PMIからGuide to Leading and Managing AI Projectsが発行されておりAIプロジェクトの実情について述べられていたためコラムとしてまとめます。
AIの技術が発達していますが、多くは失敗しています。結局、ビジネスに落とし込むには地道なコントロールの繰り返しが必要となるのが実情です。
1. AIプロジェクトマネジメントが必要な背景
AIは実験の域を超え、業務の中核へと拡大しました。従来のプロジェクト運営にデータ準備・モデル検証・倫理/ガバナンス・継続監視を組み込む実務枠組みが広がり、各社で測定可能な成果の可視化が求められています。
2. AIプロジェクトマネジメントという特別な考え方が必要な理由 失敗率の高さと従来手法の限界
多額の投資にもかかわらず目標未達に終わる案件が多いのが実情です。「80%超が目標未達」「2025年にS&P Globalは企業の42%が大半のAI案件を途中で破棄」「Gartnerは“本番到達は約半数”」などのデータがあり、成功率がいまだに低いのが実情です。
主因はビジネス整合の弱さ、データ未整備、検証不足、継続改善計画の欠如であり、単なる技術力の問題ではありません。またAIはデータ駆動かつ長期監視・ガバナンス必須という特性があり、要件固定を前提にしがちな枠組みだけではデータ/モデルの反復と継続監視までをカバーしきれません。
3. AIプロジェクトマネジメントの考え方
上記の背景と失敗要因を踏まえると、成功のカギは次の3点に集約されます。①クロスファンクショナル体制の明確化で“誰が何を担うか”を先に決め、意思決定と実装を直結させる。②Build/Buy/Integrateの経営判断を早期に行い、ROI・MVP・ガバナンス条件をレビューゲートで担保しつつ最適な実装経路を選ぶ。③プロジェクトを常に反復・学習・適応させる運営に切り替え、運用で得た知見を要件・データ・ガバナンスへ継続還流させて、単発の成功を組織能力に昇華する。
3-1. クロスファンクショナル体制を明確化
AIは技術(データ工学~モデル運用)×ビジネス(要件・価値検証)×組織(資源配分・ガバナンス)の交点で進むため、役割と責任(R&R)をドキュメントで先に固定します。
- プロジェクトリード(AI PM):全工程の進行・リスク・リソースを統括し、ビジネス整合と「信頼できるAI」基準を担保。
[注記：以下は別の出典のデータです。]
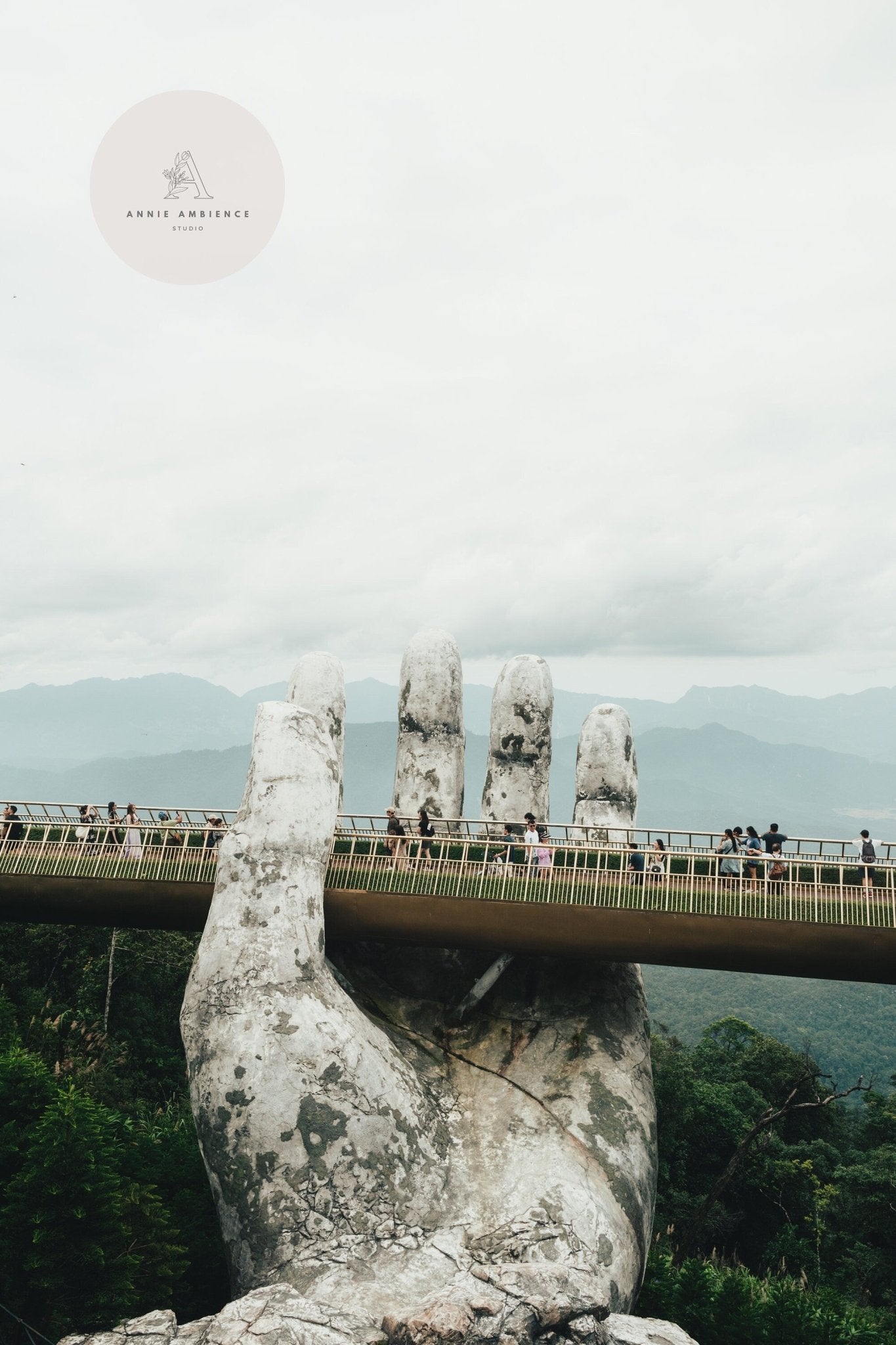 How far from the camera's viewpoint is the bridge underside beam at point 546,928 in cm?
1436

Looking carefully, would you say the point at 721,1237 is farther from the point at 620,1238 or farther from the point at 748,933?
the point at 748,933

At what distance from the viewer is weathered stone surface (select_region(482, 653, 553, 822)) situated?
805 inches

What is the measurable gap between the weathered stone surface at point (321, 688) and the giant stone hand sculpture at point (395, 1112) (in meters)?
3.11

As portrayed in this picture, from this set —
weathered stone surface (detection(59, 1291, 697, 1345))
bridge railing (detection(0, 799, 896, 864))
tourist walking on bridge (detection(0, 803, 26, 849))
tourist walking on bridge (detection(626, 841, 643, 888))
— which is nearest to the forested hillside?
weathered stone surface (detection(59, 1291, 697, 1345))

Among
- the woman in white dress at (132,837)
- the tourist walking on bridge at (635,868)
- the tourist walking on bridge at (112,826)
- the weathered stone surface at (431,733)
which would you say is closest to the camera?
the tourist walking on bridge at (635,868)

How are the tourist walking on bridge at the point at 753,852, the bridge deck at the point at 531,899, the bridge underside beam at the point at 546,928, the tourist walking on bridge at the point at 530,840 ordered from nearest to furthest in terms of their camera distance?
the bridge underside beam at the point at 546,928
the bridge deck at the point at 531,899
the tourist walking on bridge at the point at 753,852
the tourist walking on bridge at the point at 530,840

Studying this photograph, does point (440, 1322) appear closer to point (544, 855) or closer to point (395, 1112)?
point (395, 1112)

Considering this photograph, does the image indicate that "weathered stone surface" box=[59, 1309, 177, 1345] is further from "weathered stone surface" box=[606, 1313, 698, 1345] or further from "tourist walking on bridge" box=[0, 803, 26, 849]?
"tourist walking on bridge" box=[0, 803, 26, 849]

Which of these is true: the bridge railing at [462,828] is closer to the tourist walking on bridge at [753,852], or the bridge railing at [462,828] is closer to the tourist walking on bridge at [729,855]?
the tourist walking on bridge at [729,855]

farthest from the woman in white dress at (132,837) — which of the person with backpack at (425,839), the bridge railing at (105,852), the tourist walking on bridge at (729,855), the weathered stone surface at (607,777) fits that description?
the tourist walking on bridge at (729,855)

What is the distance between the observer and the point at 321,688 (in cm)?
2047

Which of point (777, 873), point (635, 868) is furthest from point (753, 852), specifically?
point (635, 868)

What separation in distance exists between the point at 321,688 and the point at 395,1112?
921cm

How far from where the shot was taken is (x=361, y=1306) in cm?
1195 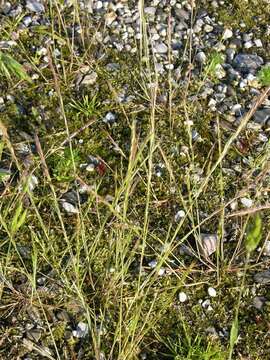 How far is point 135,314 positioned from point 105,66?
1.79m

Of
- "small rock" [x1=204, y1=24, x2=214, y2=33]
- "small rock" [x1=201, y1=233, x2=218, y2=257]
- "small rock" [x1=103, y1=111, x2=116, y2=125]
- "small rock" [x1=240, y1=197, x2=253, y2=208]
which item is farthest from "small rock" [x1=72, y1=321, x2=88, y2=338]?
"small rock" [x1=204, y1=24, x2=214, y2=33]

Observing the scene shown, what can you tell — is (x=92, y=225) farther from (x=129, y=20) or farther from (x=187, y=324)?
(x=129, y=20)

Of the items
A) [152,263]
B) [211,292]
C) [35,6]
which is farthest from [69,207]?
[35,6]

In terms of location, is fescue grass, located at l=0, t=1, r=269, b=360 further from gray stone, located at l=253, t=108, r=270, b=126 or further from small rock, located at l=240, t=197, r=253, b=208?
gray stone, located at l=253, t=108, r=270, b=126

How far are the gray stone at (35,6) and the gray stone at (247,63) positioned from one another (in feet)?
4.17

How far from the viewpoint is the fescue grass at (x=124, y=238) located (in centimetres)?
288

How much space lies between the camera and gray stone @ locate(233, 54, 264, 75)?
4199mm

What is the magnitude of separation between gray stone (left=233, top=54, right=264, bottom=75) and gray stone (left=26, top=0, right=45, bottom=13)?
1.27 m

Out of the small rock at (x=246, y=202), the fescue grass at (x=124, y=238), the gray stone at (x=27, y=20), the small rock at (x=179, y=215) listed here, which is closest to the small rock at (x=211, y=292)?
the fescue grass at (x=124, y=238)

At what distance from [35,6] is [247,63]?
4.57ft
技術と業務の橋渡し。
- データエンジニア:データ基盤/パイプライン、品質・系統管理(lineage)、ドリフト検知を含む運用要件を整備。
- BA/ドメイン有識者:解くべき業務課題の明確化、要件→技術仕様の翻訳、成果の妥当性確認、現場統合を推進。
- MLOps/DevOps:モデル/データのCI/CD、監視、自動テスト、バージョニング、再学習運用まで一貫管理。
この多能チームを共通の運営原則で整列させることが、複雑なAI実装を成果に変える前提です。
3-2. Build/Buy/Integrate の経営判断を早期に
開発に踏み込む前に、上流(企画・要件・データ準備)で適用パターンの当てはめ、データ品質/アクセス、準備完了条件を固め、自社開発(Build)/既製・事前学習モデル活用(Buy)/統合(Integrate)を経営判断として早期に決定することが重要です。
- Build:挙動・性能・IPを掌握でき、独自データや厳格な規制・差別化要件に強い。一方で専門人材・計算資源・期間が必要。人・金・時間の実行可能性を事前に確定する。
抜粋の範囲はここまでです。